--- START ---
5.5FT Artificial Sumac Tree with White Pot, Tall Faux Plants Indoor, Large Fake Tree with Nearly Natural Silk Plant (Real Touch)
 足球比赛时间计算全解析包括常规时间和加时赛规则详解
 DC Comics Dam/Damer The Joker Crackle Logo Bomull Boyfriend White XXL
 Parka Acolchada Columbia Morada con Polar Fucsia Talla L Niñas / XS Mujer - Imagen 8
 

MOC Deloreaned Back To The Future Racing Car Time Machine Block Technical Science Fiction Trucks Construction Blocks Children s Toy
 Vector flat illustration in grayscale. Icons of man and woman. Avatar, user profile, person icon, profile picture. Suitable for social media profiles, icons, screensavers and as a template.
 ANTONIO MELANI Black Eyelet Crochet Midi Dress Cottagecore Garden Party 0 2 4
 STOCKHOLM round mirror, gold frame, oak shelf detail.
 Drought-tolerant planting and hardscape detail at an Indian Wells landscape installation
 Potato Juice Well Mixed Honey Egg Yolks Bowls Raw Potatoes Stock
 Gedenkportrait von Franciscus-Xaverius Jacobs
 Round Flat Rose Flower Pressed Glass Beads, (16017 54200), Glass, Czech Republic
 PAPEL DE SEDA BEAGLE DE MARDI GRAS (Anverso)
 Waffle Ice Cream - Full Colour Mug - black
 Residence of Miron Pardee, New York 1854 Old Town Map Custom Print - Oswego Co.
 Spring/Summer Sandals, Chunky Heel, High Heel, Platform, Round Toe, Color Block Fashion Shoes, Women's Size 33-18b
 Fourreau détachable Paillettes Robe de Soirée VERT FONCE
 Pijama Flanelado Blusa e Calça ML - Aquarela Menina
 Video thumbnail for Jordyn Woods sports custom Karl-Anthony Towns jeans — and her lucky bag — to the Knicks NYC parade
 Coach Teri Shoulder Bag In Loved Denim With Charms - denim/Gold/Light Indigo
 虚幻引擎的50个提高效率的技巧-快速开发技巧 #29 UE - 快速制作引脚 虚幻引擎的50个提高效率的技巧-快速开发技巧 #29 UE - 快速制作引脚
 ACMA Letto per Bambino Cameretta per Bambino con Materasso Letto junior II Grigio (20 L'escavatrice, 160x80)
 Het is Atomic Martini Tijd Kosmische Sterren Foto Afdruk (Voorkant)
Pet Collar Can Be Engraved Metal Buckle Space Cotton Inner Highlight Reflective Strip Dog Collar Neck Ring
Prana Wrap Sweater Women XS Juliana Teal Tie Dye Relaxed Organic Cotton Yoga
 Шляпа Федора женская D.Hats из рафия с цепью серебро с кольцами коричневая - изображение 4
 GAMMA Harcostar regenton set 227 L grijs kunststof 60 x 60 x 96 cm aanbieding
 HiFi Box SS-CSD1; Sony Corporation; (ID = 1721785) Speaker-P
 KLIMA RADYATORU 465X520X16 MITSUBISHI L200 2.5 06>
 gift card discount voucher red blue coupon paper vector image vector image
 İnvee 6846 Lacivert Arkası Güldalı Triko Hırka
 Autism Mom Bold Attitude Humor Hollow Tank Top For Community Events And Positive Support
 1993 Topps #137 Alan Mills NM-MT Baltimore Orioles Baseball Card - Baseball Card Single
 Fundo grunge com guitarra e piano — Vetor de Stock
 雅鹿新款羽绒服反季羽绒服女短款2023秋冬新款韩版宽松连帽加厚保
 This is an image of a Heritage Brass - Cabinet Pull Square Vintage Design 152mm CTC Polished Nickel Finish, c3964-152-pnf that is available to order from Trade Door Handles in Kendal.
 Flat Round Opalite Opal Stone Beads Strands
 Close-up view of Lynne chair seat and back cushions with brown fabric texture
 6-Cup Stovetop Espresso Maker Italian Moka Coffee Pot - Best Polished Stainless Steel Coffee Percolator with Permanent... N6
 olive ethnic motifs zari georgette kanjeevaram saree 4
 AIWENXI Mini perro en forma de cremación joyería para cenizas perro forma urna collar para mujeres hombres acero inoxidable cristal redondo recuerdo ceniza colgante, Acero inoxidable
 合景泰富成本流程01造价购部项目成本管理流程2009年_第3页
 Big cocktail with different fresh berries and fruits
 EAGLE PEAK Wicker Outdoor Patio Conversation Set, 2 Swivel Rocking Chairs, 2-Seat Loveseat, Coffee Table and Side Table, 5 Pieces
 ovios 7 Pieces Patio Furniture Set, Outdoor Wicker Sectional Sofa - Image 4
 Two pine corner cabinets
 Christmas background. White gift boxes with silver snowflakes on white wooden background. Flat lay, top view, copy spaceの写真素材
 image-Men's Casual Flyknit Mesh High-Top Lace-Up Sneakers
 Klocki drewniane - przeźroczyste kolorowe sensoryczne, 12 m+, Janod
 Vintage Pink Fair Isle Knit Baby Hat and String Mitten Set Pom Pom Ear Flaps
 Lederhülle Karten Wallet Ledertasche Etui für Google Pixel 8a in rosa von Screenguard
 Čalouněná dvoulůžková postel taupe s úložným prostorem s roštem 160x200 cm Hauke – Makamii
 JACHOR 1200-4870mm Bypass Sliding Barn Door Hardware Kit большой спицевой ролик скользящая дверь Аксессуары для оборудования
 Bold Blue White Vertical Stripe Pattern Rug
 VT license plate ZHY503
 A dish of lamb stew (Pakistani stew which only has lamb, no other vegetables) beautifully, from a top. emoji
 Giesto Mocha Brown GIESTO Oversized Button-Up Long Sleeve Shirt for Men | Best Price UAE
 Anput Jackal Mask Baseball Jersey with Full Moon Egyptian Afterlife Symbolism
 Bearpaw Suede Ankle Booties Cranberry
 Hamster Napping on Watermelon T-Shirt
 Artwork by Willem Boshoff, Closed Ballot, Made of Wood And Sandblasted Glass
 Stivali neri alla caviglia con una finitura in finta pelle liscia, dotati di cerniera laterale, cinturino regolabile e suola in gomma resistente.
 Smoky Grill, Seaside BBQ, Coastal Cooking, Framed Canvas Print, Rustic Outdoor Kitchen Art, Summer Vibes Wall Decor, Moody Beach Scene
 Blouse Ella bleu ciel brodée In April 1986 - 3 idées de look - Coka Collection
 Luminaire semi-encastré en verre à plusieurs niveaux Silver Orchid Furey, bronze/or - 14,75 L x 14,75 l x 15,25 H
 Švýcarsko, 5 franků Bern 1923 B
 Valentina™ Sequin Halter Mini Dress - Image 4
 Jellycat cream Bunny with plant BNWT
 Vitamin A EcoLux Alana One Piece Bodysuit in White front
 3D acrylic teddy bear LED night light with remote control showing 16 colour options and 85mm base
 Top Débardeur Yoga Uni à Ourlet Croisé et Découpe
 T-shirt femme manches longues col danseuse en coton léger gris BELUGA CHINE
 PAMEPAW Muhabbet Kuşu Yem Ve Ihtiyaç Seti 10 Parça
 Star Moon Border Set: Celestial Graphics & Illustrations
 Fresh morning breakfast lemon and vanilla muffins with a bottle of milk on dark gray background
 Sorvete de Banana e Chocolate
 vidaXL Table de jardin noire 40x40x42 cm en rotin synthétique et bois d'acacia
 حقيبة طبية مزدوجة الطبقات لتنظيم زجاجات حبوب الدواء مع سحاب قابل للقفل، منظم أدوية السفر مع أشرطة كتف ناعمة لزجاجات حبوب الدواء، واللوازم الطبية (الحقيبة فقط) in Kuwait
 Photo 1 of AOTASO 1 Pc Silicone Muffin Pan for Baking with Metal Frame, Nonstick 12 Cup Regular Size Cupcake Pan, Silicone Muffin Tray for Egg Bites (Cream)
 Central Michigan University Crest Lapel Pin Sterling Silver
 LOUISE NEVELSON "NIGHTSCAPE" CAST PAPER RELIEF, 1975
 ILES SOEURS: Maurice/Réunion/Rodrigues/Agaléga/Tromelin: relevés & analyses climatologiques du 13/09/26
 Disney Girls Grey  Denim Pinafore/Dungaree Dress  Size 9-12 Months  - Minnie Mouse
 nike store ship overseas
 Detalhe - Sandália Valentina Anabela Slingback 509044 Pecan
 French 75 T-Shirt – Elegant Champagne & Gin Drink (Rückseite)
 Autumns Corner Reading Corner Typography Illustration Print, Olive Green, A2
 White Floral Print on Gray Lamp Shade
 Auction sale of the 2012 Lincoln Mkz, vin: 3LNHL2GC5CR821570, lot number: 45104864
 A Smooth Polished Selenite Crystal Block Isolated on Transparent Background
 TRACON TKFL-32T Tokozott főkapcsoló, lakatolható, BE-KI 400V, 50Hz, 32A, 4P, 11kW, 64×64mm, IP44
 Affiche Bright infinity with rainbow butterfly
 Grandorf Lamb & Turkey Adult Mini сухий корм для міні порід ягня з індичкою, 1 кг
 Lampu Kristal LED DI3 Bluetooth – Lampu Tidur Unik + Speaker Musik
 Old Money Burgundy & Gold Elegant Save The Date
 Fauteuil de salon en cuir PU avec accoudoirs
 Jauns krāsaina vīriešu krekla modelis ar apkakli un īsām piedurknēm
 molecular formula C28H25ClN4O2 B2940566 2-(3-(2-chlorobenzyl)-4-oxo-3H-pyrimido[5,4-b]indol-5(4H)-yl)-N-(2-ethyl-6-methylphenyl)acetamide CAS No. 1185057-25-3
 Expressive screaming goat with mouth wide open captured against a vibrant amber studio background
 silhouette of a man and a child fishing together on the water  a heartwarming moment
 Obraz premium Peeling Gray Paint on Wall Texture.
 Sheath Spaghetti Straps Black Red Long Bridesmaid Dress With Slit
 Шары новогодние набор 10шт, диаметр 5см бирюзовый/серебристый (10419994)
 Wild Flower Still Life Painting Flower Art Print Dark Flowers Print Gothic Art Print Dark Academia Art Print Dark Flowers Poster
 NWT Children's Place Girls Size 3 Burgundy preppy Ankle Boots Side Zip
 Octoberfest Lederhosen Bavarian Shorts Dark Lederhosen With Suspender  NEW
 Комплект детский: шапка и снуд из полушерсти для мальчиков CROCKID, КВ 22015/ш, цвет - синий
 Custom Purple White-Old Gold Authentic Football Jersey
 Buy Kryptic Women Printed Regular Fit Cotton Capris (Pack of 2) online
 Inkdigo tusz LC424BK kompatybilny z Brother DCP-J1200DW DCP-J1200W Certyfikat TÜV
--- END ---
Copy out the lines above word for word, stopping after the line containing "Parka Acolchada Columbia".

5.5FT Artificial Sumac Tree with White Pot, Tall Faux Plants Indoor, Large Fake Tree with Nearly Natural Silk Plant (Real Touch)
 足球比赛时间计算全解析包括常规时间和加时赛规则详解
 DC Comics Dam/Damer The Joker Crackle Logo Bomull Boyfriend White XXL
 Parka Acolchada Columbia Morada con Polar Fucsia Talla L Niñas / XS Mujer - Imagen 8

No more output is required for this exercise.